Он покончил с архивом, замочки на портфелях щелкнули. Как обычно, наступила мешкотная минута. Вопросов я не выставлял. Даже банальнейших: о здоровье, о погоде — всегдашняя боязнь тронуть конспиративное. А черт ведает, где оно кроется, в чем. Может, и в погоде… А он, Александр-то Дмитрич, тоже испытывал неловкость по причине моей неловкости. Ведь не будешь понукать: спрашивай, расспрашивай, я тебе, Рафаилыч, верю.
Обычно осведомлялся: каково мнение о газете? Я отвечал, беседа слаживалась. Но в тот день я задал встречный: про витрину на Невском, у Дациаро.

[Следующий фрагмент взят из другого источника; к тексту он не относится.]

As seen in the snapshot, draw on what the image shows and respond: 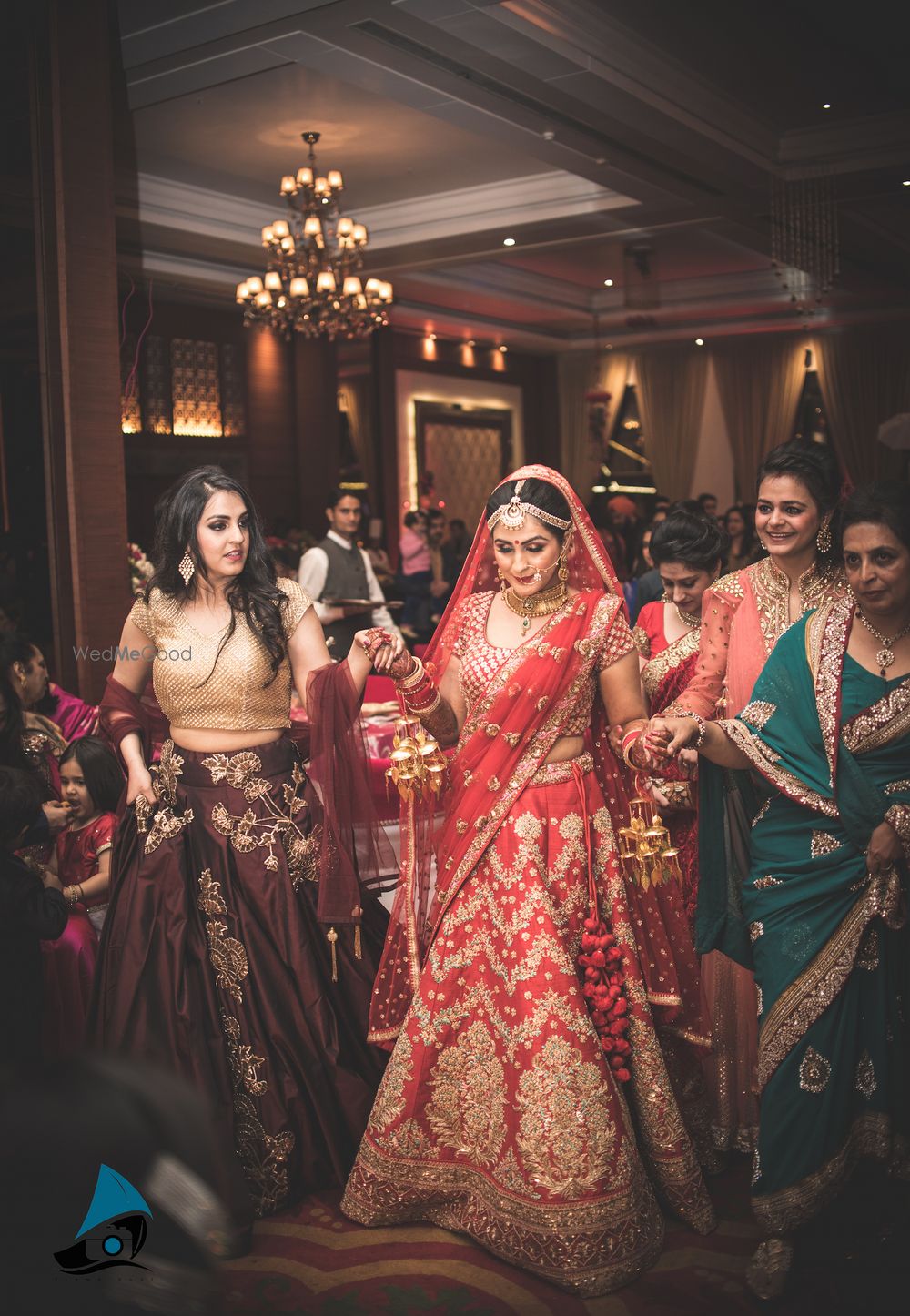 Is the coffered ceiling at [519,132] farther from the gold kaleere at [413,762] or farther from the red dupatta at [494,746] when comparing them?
the gold kaleere at [413,762]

„Как же, видел, полюбовался, — отвечал он. И прибавил: — А ручки-то у ангела белые-белые, отмороженные. Того и гляди выронит“.

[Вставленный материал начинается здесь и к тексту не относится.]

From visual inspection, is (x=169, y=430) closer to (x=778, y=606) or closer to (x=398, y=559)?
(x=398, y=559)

Я покачал головой: „Удивительно!“ Он спросил: „Что вас удивляет?“ — „А замысел, — говорю, — замысел удивляет: больно дерзко“. — „С технической стороны, — спрашивает, — или как?“ — „Да хотя б и с технической, — отвечаю. — Экие, — говорю, — тотлебены сыскались“.
Он посмотрел на меня, я — на него. И тут меня лукавый попутал. Э, думаю, ладно, сейчас это я тебе… Вытащил пачку бумаг Мейна, из Москвы. Полистал и подаю отчет, где чертежик изображен. Михайлов взглянул, прищурился и опять взглянул. „Ну что, — говорит, — точнехонько изображено, верно“.
Меня как пронзило: вот отчего вид нездоровый, вот отчего лицо землистое, виски запавшие, вот оно, вот! Да-а-а, поработай в подкопе, под землей поработай, будешь землистым… И тотчас в голове стукнуло: „Каково, однако, он доверяет мне!“ И, признаться, не обрадовался, а эдаким меня подленьким страхом просквозило: „Зачем тайны, да еще такие, зачем мне знать их?!“
Александр Дмитрич догадался и вроде бы мне на подмогу — разговор переводит на общее: что, мол, у вас, середь пишущих, о московском происшествии толкуют? А я ему не без раздражения отвечаю в том смысле, что и „свой резон найду“ — сковородником хвачу».
«О-о-о, — говорит, — позвольте полюбопытствовать?» — «Извольте, — отвечаю, — любопытствуйте». И называю имя: «Березовский». Поляка Березовского называю, который в Париже на государя нашего покушался. Первым был Каракозов, тут, дома, у Летнего сада, а вторым этот Березовский, в Париже.
«Так вот, — говорю, — я об этом самом покушении в свое время Герцену писал, Александру Иванычу Герцену. И ежели желаете знать, то основным тезисом выставил: безумец поляк воображал, что замена одного властителя другим есть изменение традиционного порядка вещей на свете».